* **PROMPT**:
Exclude the pictures and reproduce exactly the lines that run from the one holding "AtlasIED UHT25C-U51-8 Speaker, 10W" to the end of the entries below.
━━ MATERIAL FOR THIS TASK
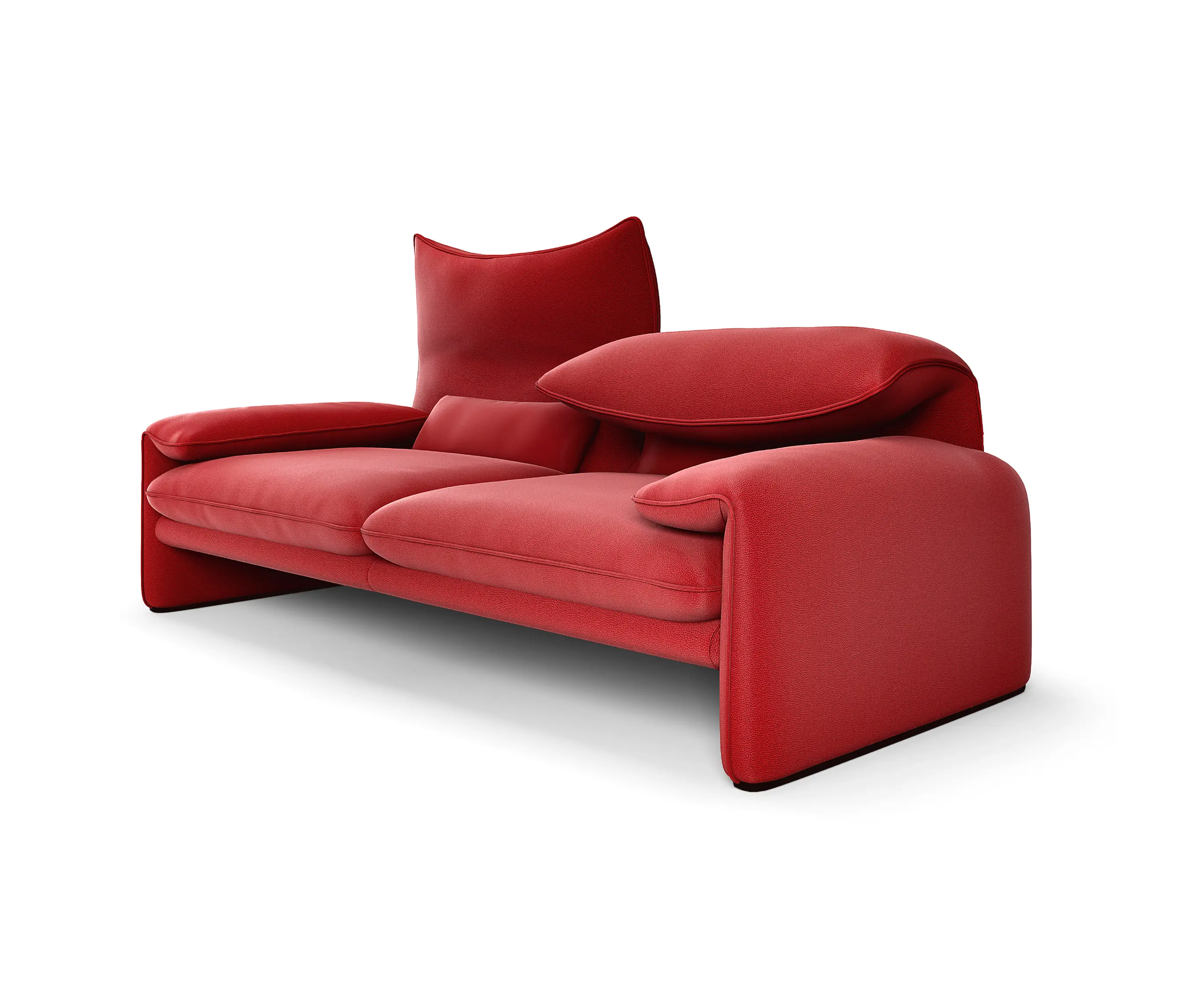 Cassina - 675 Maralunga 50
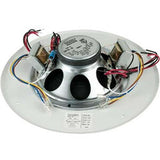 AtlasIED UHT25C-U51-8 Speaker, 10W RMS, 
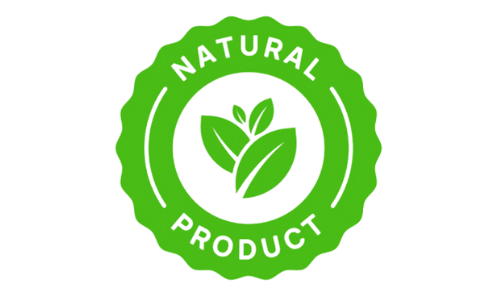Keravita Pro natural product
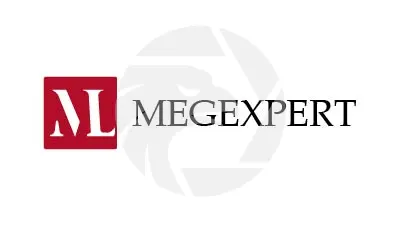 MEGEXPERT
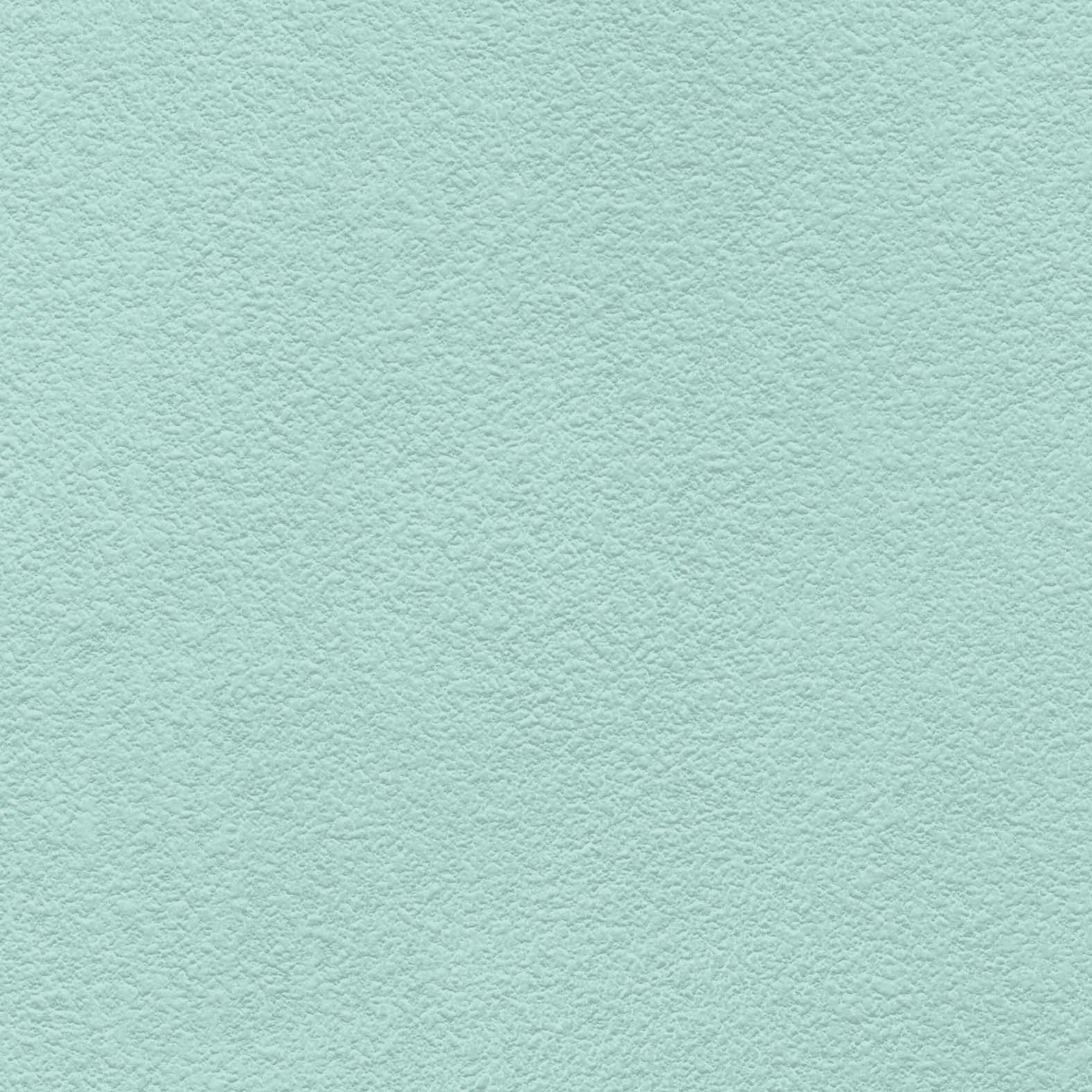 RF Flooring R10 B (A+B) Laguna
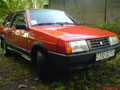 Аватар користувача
━━━━
* **ANSWER FOR THE TASK**:
 AtlasIED UHT25C-U51-8 Speaker, 10W RMS, 
Keravita Pro natural product
 MEGEXPERT
 RF Flooring R10 B (A+B) Laguna
 Аватар користувача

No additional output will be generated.